He is reported to have seven children, 14 grandchildren, 25 great-grandchildren, and 13 great-great-grandchildren.
According to the Guinness Book of Records, he was the first man in history to have lived to the age of 116.
The title of oldest living person has passed to a Japanese lady, 115-year-old Misao Okawa, of Osaka, who was born March 5, 1898.
Mr Kimura said he was not sure why he was able to live so long, when he gave an interview on his 115th Birthday to Bloomberg News. “Maybe it’s all thanks to the sun above me,” he said. “I am always looking up towards the sky, that is how I am.”
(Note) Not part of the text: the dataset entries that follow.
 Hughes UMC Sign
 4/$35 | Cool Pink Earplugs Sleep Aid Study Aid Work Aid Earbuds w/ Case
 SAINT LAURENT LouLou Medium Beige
“He said his secret to his longevity was eating light to live long,” the journalist who interviewed him told the BBC. “At the same time, his main carer and grand-daughter-in-law, Aiko, said his positivity helped him to live so long.”
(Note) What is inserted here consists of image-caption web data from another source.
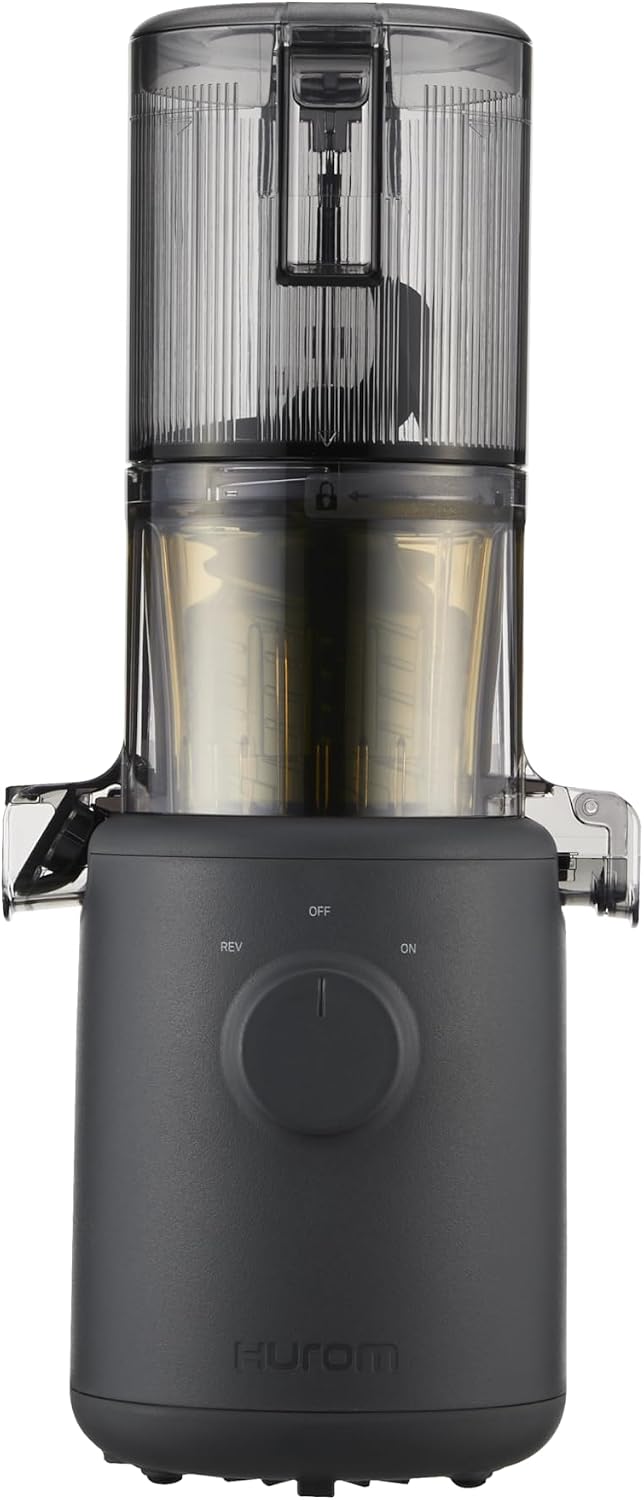 Hurom centrifugeuse, 220 ml – Charcoal | Extracteur de jus, Extracteur à Jus de Fruits et Legumes – Presse à Froid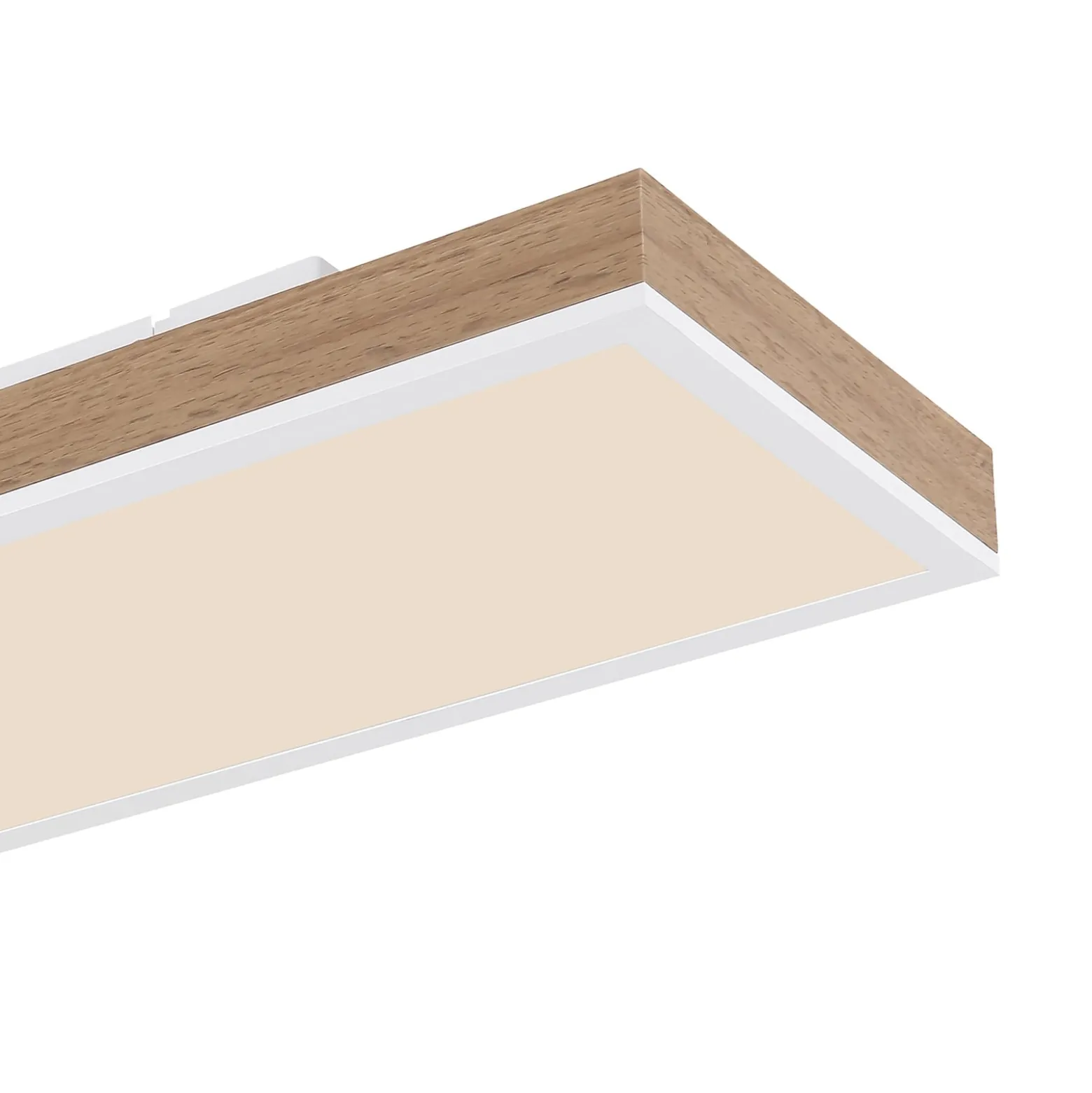 LED-kattovalaisin Doro, pituus 80 cm, tumma puu, puu, CCT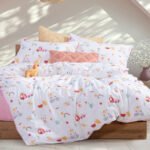 Σετ Σεντόνια Μονά Παιδικά 170×260 Nef Nef Happy Today White-Pink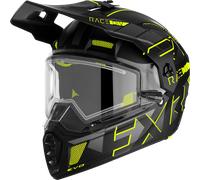 FXR Clutch X Evo Casco de moto de nieve, negro-amarillo, tamaño S para Hombres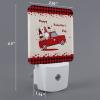 Night Light for Kids Plug into Wall LED Lamp Dusk-to-Dawn Sensor, Happy Valentine's Day Truck with Love Heart Gnome Red Buffalo Plaid Baby Nightlight for Bathroom Nursery Bedroom Hallway Stairs Decor view 4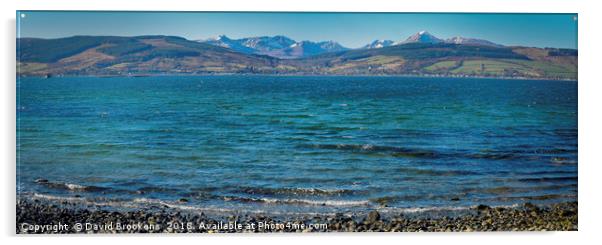 Lamlash Bay Panorama Acrylic by David Brookens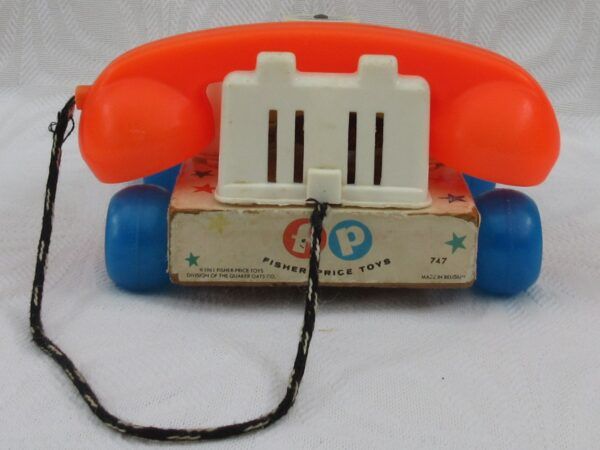 Original Vintage Fisher Price Chatter Telephone 1961 - Image 3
“Jiroemon Kimura was an exceptional person,” Craig Glenday, editor-in-chief of Guinness World Records, told AP. “As the only man to have ever lived for 116 years—and the oldest man whose age has been fully authenticated—he has a truly special place in world history.”
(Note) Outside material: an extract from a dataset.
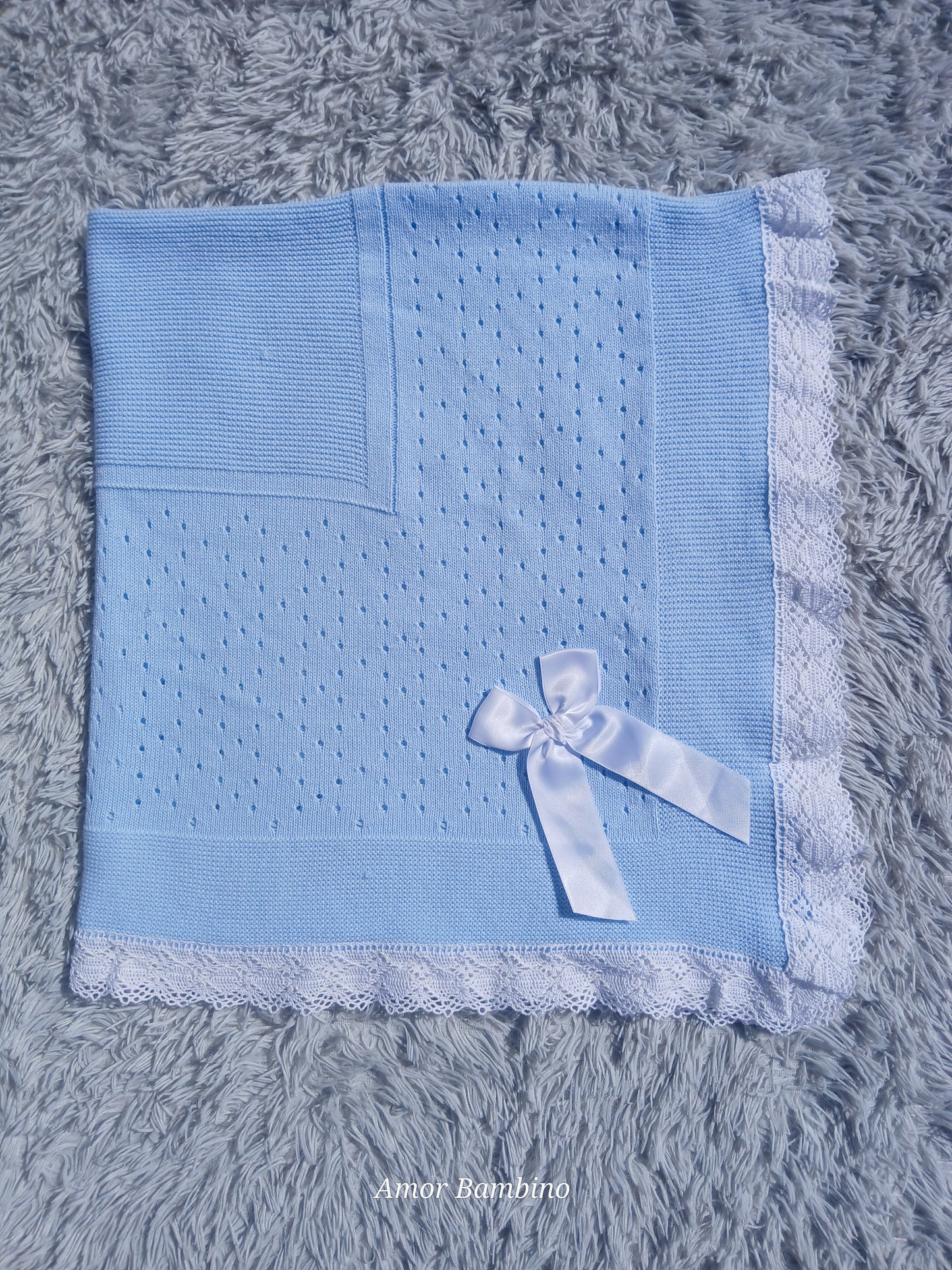 Blue and White Blanket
Various other claims have been made in recent times of people living for longer than 116 years, but they have not been authenticated by the Guiness Book of Records.
There are claims that many historical documents from around the world over the centuries demonstrate longevity far exceeding that of Mr Kimura, with many people apparently living in excess of 200 years, and in a few cases, far beyond that. However, the claims in the records cannot be substantiated.